SLOs are internally agreed upon measurements that indicate the reliability of a service and correlate strongly to user happiness and application success. If you have an SLA with customers, the SLO should be stricter than the SLA to provide a buffer for incidents and changes; for example if the contractual SLA states 99% availability, your internal SLO should be 99.9% so you can begin working on an issue before you breach the SLA. SLOs should be defined to meet the minimum expectations of our customers so that resources are not wasted and we do not artificially inflate expectations. What is the minimum experience we can deliver that still makes the end users happy with our services?
These internal targets are actionable, data-driven, customer impacting measurements that can be trended, reviewed, and adjusted over time to ensure we are delivering the appropriate experience for our customer.
Simple SLOs
SLOs will start off simple for all applications.
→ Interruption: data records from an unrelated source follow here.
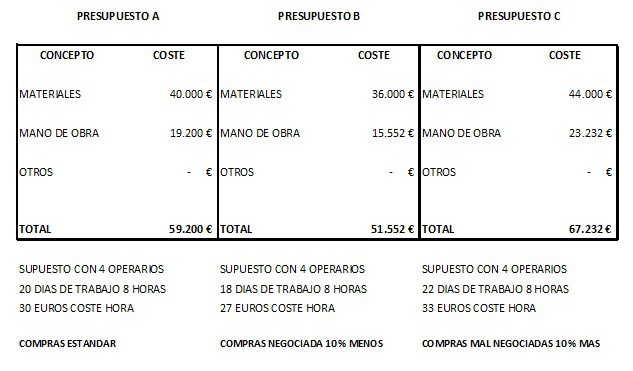 Image tabla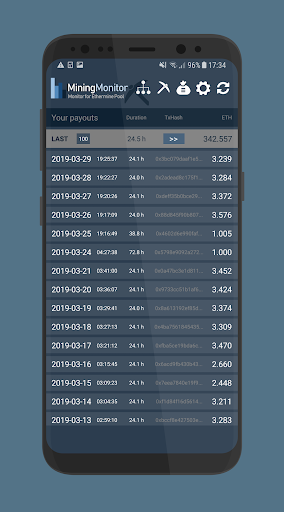 The 3 Best Ethereum Mining Pool Options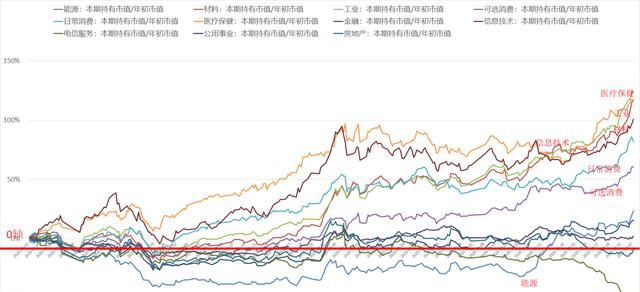 富途證券陸港通每周觀察：港股通持續(xù)流入，陸股通周五大舉流入超200億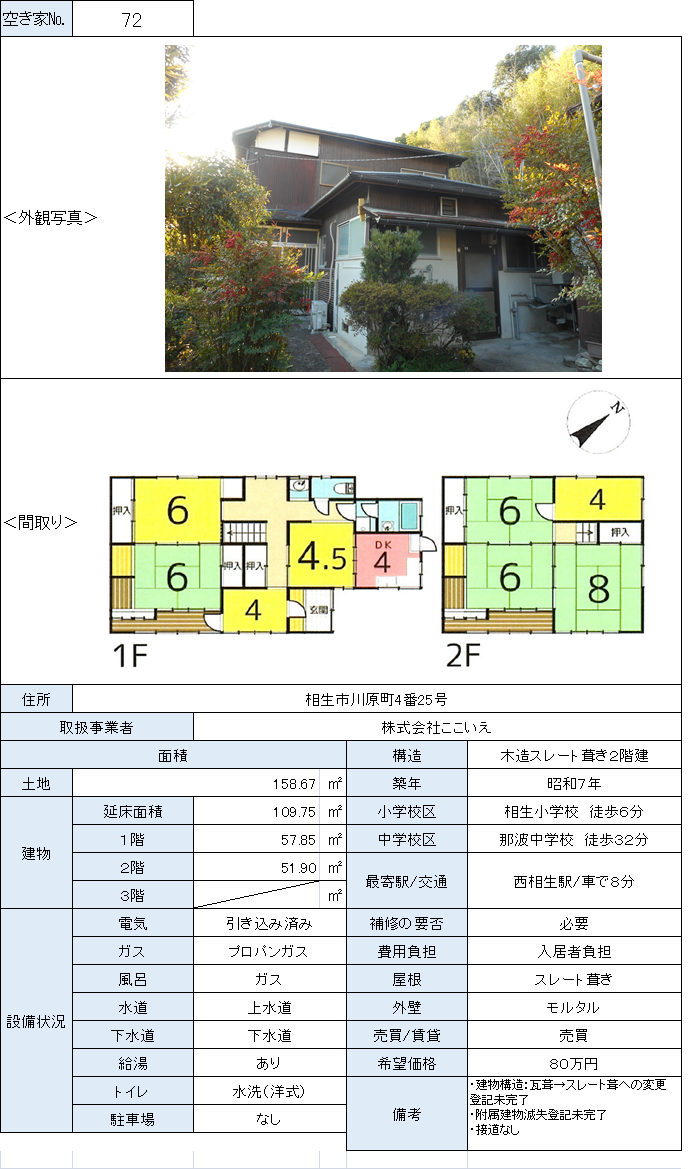 空き家物件情報（７２）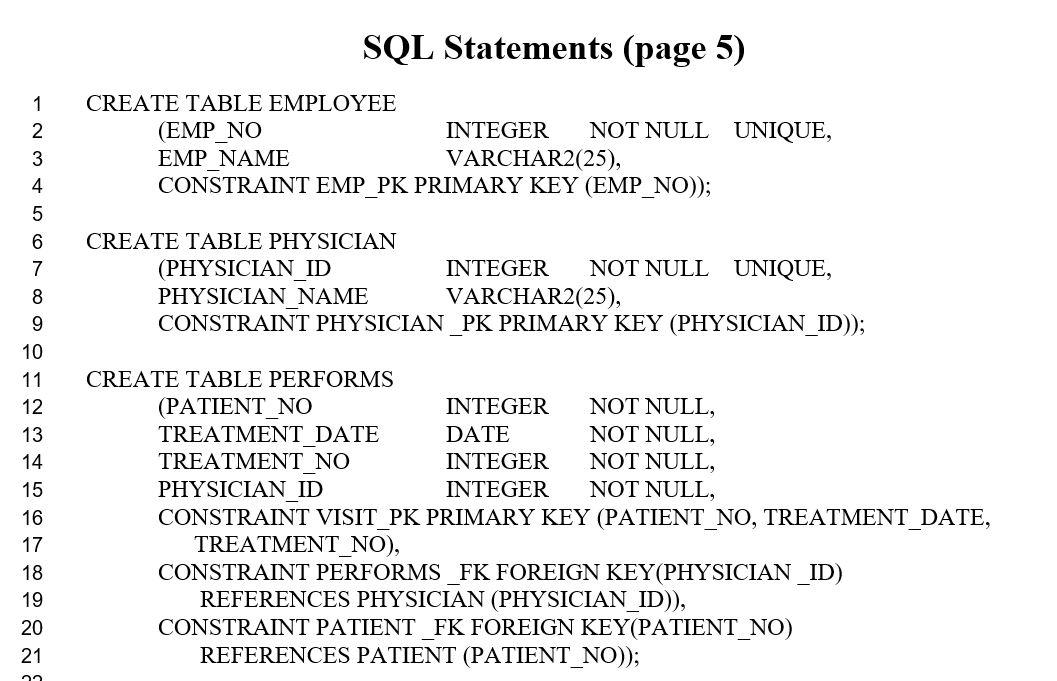 Solved NOT using SQL terms, what are lines 20 and 21 | Chegg.com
We will be focused on availability, latency, and error rate at an overall level for the application. These values can be reviewed historically within New Relic and charted and reviewed easily within the tool.
Maturation over time
As more information is gathered amongst services, it is natural to break down your overall SLOs into smaller components. Defining these critical user journeys (CUJ) will give you a more granular approach to the experience you are delivering. You may discover that while you are meeting your error rate SLO, it may actually be that the majority of those errors are coming from a particular flow meaning you actually have a subset of users who are very unhappy. By focusing on CUJs, you focus your efforts on specific flows that are more or less important based on business decisions. There might be components of your system that are actually “nice-to-haves” which means a looser SLO may be acceptable, and likewise some of your workflows might be critical. Over time, the teams will work out their own internal flows for more granular SLOs and as more teams are onboarded, the teams can begin to focus on cross-system workflows that are critical to end users. For example, how long should it take from the time an order is placed online until it is packed and ready for carrier pickup? Multiple applications are involved in that process and multiple local SLOs will need to be understood before we can reach that level of detail. Iteration and maturation will drive improvements to the experience over time.